This issue is arguably going to arise ever more often in the future with wiki; as its already vast coverage of all fields and details of human knowledge grows, the typical level of notoriety (that's notability taken to extremes) of new topics will obviously drift downwards. Obviously: it is human nature for people to think of the most important topics first and fill in the others in (over a vast enough sample) an order of generally decreasing importance/notability/fame what-have-you. And in the limit, as here, you then start to hit topics for which there is only one source of information, and every time you do that there will be a problem of how much you have to change the sentences in the text of the new article so that it does not infringe the copyright of the sole source of information, the original article, the authority, the reference. In a way this is associated with the problem of "no original research": if I went to Shepherds and asked very nicely and sat in their archive and made notes and came home and wrote an article for wikipedia, it would be original research and banned. I'd have to get it published somewhere else (say in a book) and then quote that to get past the demand for authorities & references. But if the topic is not important enough to expect big sales, the book publishing industry will not look at it. So if I do the work in the archive to avoid the Shepherds website author's copyright I get done on "no original research", and if I don't do the work but rely on their text, it's a copyright problem. Between them these two rules end up preventing any topic below a certain level of fame being covered at all even if they are factual, interesting, and intellectually important (that is, in this case, seen as a noteworthy pair of figures and an era in the history of the bookbinding art and craft).

And thus back to the point above: if this argument of despair is to be avoided, we need wiki Guidance: how much must a text differ (be changed) from its information source in order not to be a copyright problem? Is it even always possible, given a topic with only one not very detailed source, to create something with the same amount of information and detail without it being seen as a copyright violation? Does changing the order of the sentences, and the order of words in those sentences, plus a few replacements with synonyms or paraphrases, fix it? Iph (talk) 00:52, 19 August 2009 (UTC)[reply]

Thank you for the message on my talk page. It usually makes sense to keep these conversations in one place (either your talk page, or mine, but this sub-page will do too).
You ask some good questions about the intersection of various Wikipedia policies (copyright, no original research, verifiability, notability). The place to start is probably Wikipedia:Copyrights, which makes it clear that:
"If you want to import text that you have found elsewhere or that you have co-authored with others, you can only do so if it is available under terms that are compatible with the CC-BY-SA license."
and carries on:
"If the material, text or media, has been previously published and you wish to donate it to Wikipedia under appropriate license, you will need to verify copyright permission through one of our established procedures."

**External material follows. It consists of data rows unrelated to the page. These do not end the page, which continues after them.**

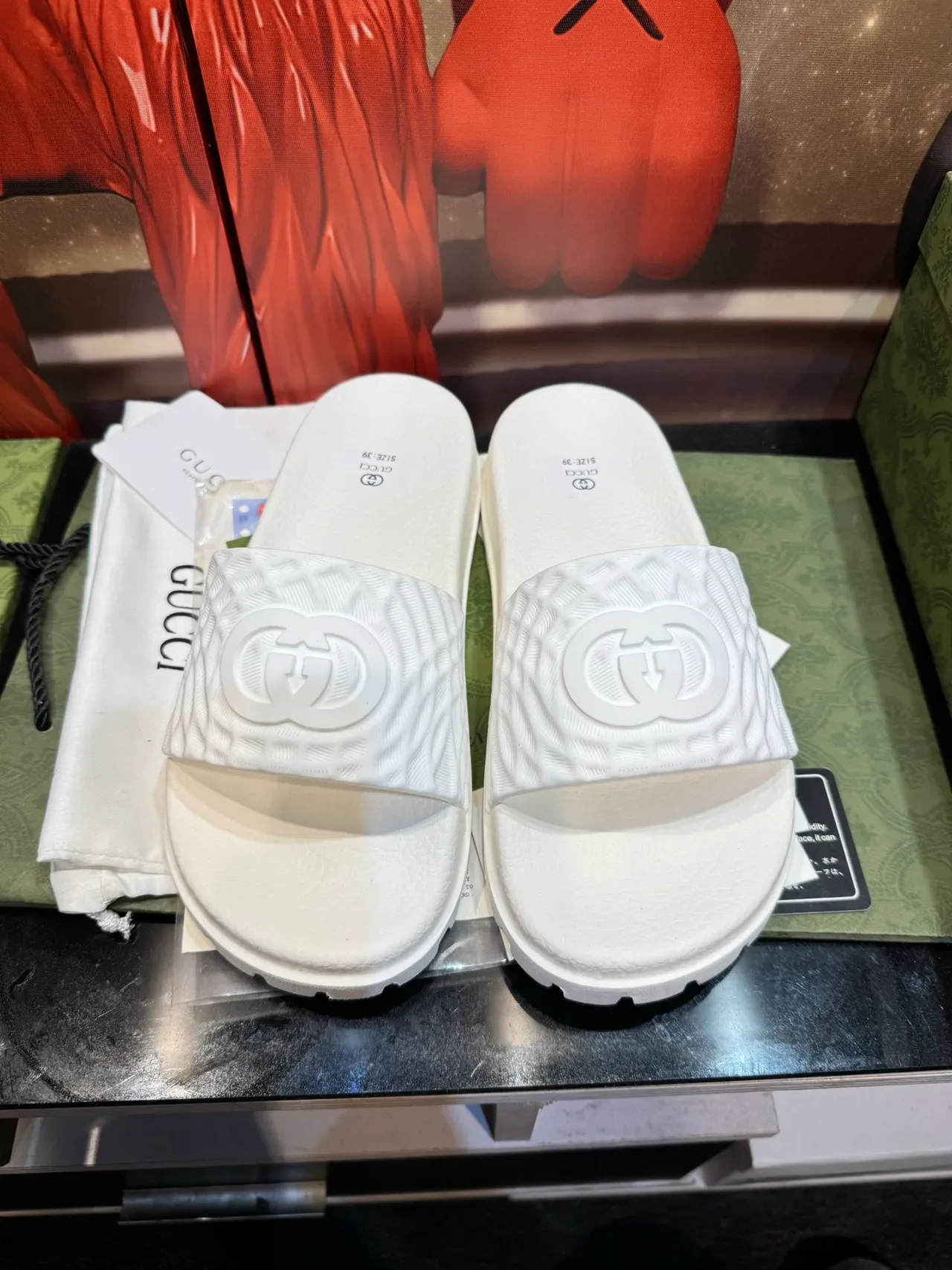 Gucci White Multicolor Molded Rubber Sole Embossed Logo Strap Slippers 4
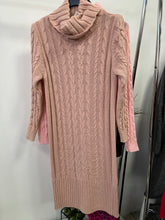 Kép betöltése a galériamegjelenítőbe: 21198 Fonott garbóruha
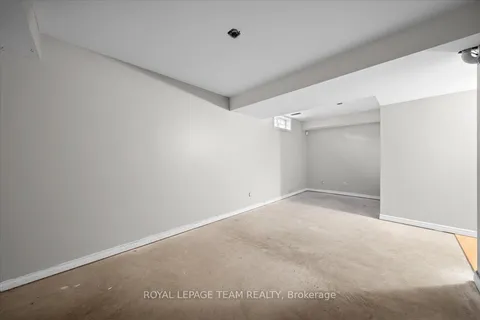 73 Carillon Street, Vanier and Kingsview Park, ON K1L 5Y6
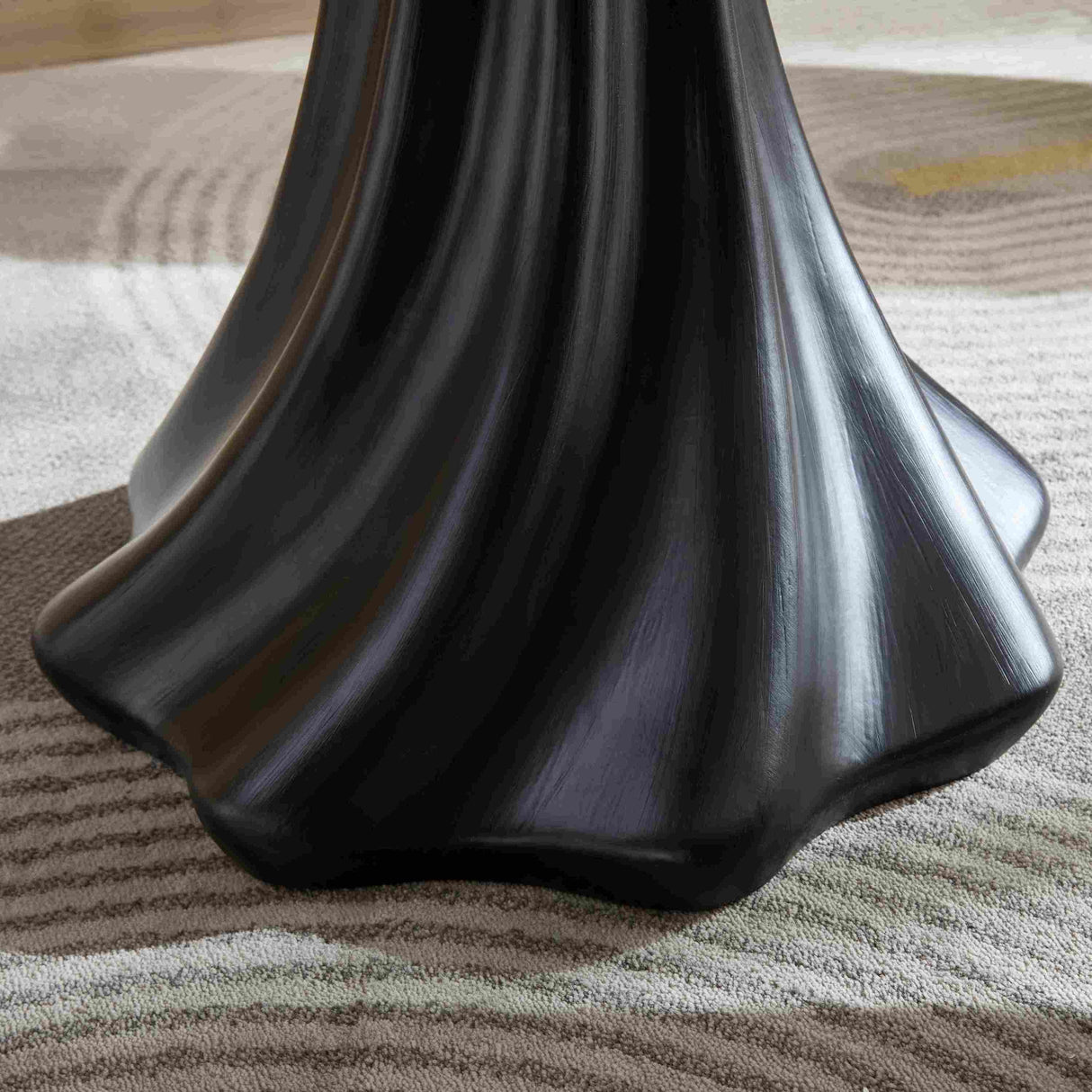 Black Sculptural Petal Dining Table | OROA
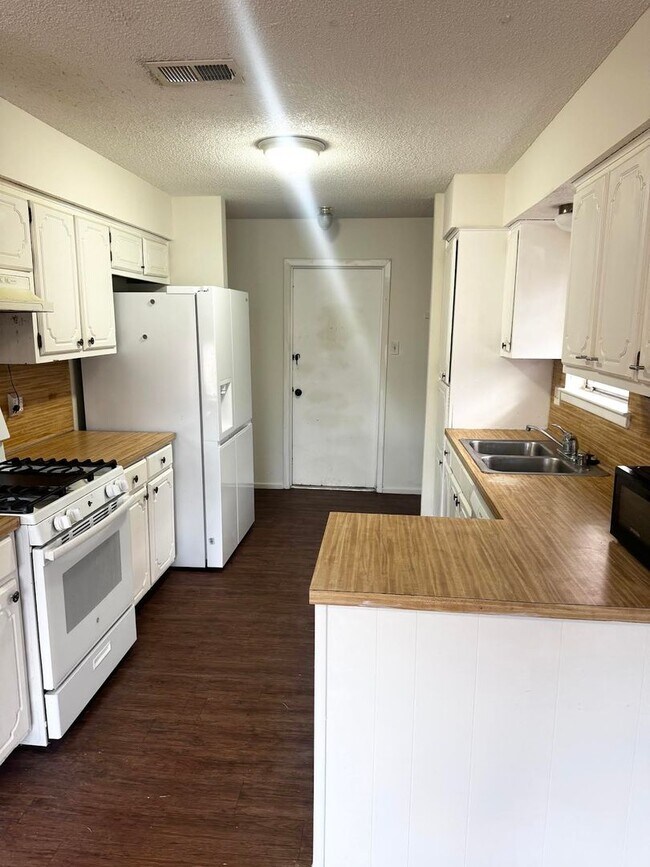 Building Photo - 3 Bedroom 2 Bathroom For Rent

You ask how much rewording is required to avoid copyright infringement. That is a bit like the question about the length of a piece of string, but that page also says, lower down:
"Note that copyright law governs the creative expression of ideas, not the ideas or information themselves. Therefore, it is legal to read an encyclopedia article or other work, reformulate the concepts in your own words, and submit it to Wikipedia, so long as you do not follow the source too closely."
and then cross refers to two entries from Wikipedia:FAQ/Copyright. The first reiterates that:
"Facts cannot be copyrighted. It is legal to read an encyclopedia article or other work, reformulate the concepts in your own words, and submit it to Wikipedia, although the structure, presentation, and phrasing of the information should be your own original creation."
and the second says:
"Generally, a summary (or analysis) of something is not a derivative work, unless it reproduces the original in great detail, at which point it becomes an abridgment and not a summary."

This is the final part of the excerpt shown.